Oakland union boss threatens fire station closures unless voters approve tax hike – despite the city's past broken promises
Oakland’s 20-year record of diverted tax funds, fire station cuts used for political pressure, and a firefighters union that continues to back new tax hikes despite multiple broken promises.

PART TWO IN A SERIES
An embarrassment of riches
Oakland Report is taking an extended look at the many taxes the City of Oakland charges its residents and businesses: what the taxes were intended to pay for, how they were actually used, and whether the city kept the promises it made to voters.
Part 1 in this series provided an introduction and examined how the city of Oakland broke its promises to voters in three of the last four parcel tax measures.
As we noted then, taxes are necessary for a safe, functioning society.
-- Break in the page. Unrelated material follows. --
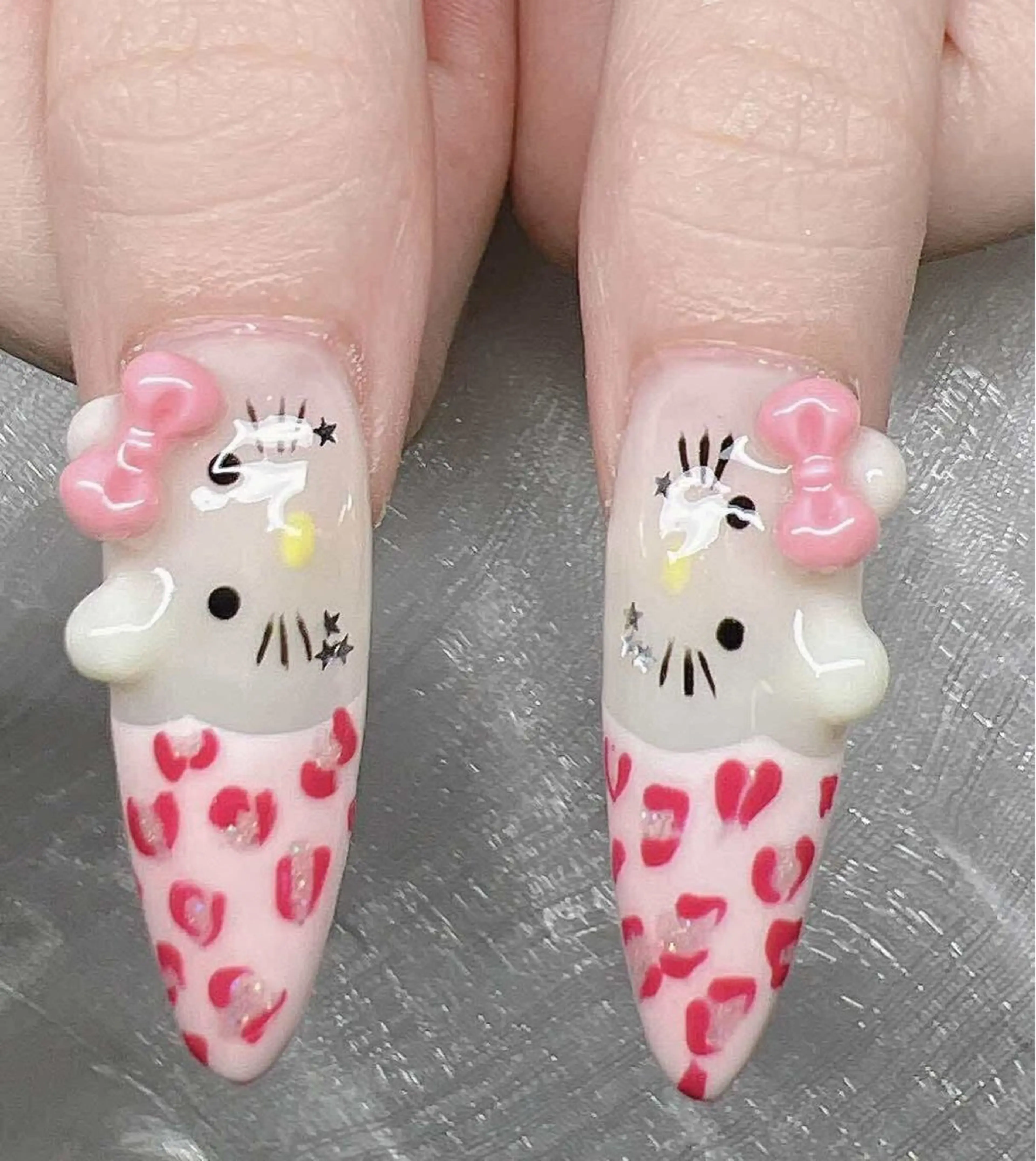 ネイル ハンドネイル Lee Nailsのネイルデザイン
That fact is not up for serious debate.
But what happens when the government fails to provide the services it promised in exchange for new taxes — as has happened in Oakland multiple times now?
In Oakland, the city’s answer routinely is to collect even more taxes.
See this related article:

The city of Oakland has broken its promises to voters in three of the last four parcel tax measures
After years of cumulative tax increases, Oakland collects the highest taxes per capita in the state compared to similar cities.1
This past year, Oakland collected a record-high level of total revenue — more than $1.6 billion.2
You read that correctly: If the City of Oakland was a person, it would be a billionaire.
And like many billionaires, the city’s income has increased substantially in recent years— significantly more than inflation and the cost of living— powered by an evergreen, ever-growing source of income: taxes.

In recent years, Oakland has accelerated its total revenue growth by successfully convincing voters to approve multiple new taxes— many of them on the promise of maintaining and improving police and fire services.

The city’s revenues from voter-approved special taxes have increased by 379% compared to 20 years ago.3
That’s over 6 times higher than the cumulative change in inflation over that same period.4

This commentary takes a closer look at the city’s pattern of leveraging fire department service cuts to convince voters to approve tax increases.
We also will examine the influence of Oakland’s firefighters union on the political campaigns to pass those measures— a pattern that continues with the proposed tax increase on the ballot this June: Measure E.5
We want to hear from you, our readers, what you think about Oakland’s taxes and the services Oaklanders receive in return. We also want to hear what you think about this series. Write a comment, send us a note, and share this article with others.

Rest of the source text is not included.